One day Harwood spent a half day in Bayonne taking papers to the strikers while two detectives tried their best to get him. But they never got near enough to arrest him. The worst part of going into Bayonne was not the simple matter of being arrested; it was the chance of being beaten up and sent to jail with broken bones. And a man who is in jail with broken bones is of little immediate use in a strike. That is the story of Bayonne. The men have gone back to work and as this is written one plant, the Tidewater, has granted the 15 per cent increase that the men struck for. A foreman that they objected to has been discharged.
And as a final dash of Kinkead’s kidding, almost the entire batch of 99 gunmen that he arrested AFTER THE STRIKE WAS OFF, were released and told to go on their murderous way.

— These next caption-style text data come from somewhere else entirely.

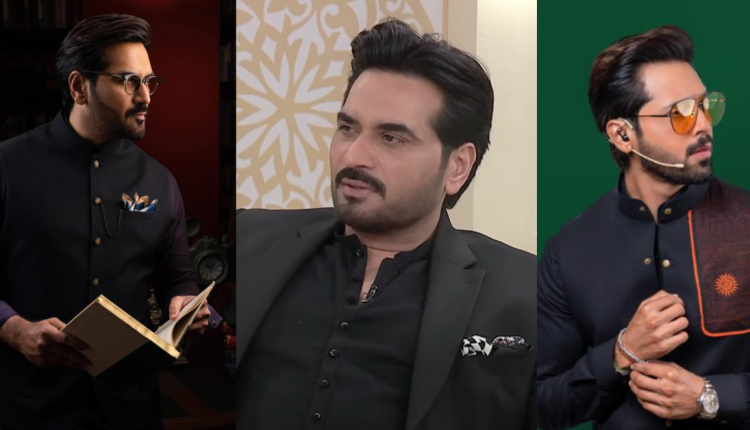 Humayun Saeed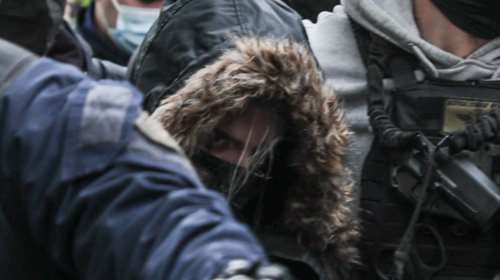 Στον Κορυδαλλό η Ρούλα Πισπιρίγκου: &quot;Είναι άδικο, δεν έχουν στοιχεία, γιατί με πάνε φυλακή;&quot;, έλεγε στους αστυνομικούς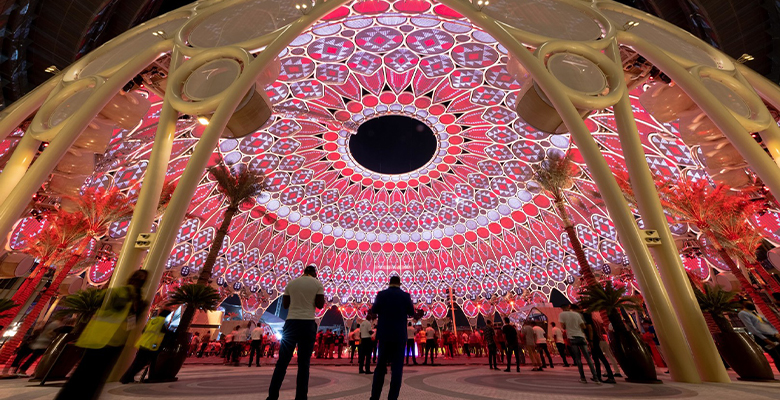 Expo 2020 Dubai passes ten million visitor milestone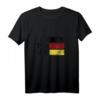 Fußball Deutschland Germany Trikot Flagge Handball Patriot Tank Top - Perfekt für Deutschland Fans & patriotische Sportbekleidung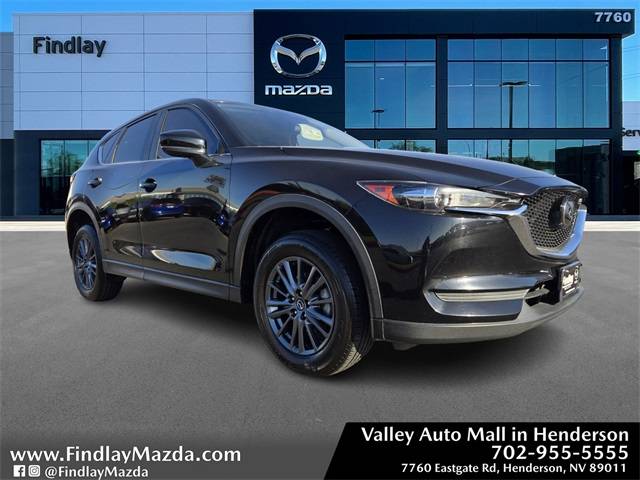 2020 Mazda CX-5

This has been a defeat for Rockefeller emphatically so. He has been backed up against the wall. But the chief lesson in it all is that the workers must control the great FORCE of the state. For it is force that wins in strikes. Nothing else wins. There is no use glossing anything over. PURE FORCE IS WHAT WINS, however you interpret it. And so long as capital can control the force represented in the state it can beat down the men who strike. Labor must get the political control that carries with it the force of the Kinkeads of the country. Bayonne has been a dramatic example. And it has been a great lesson.
The American Socialist, edited by J. Louis Engdahl, was the official Party newspaper of the Socialist Party of America in the years before World War One. Published in Chicago starting in 1914, the Appeal continued the semi-internal Socialist Party Official Bulletin founded in 1904 which became Party Builder in1913. The American Socialist closely followed the SP’s electoral challenges, Engdahl was often an SP candidate in Chicago as he edited the paper, and took an early and prominent anti-war position. With a circulation of around 60,000 the paper was one of the leading anti-war voices in the run up to US entry into World War One. The paper was suppressed by Federal authorities, along with much of the anti-war left, in 1917.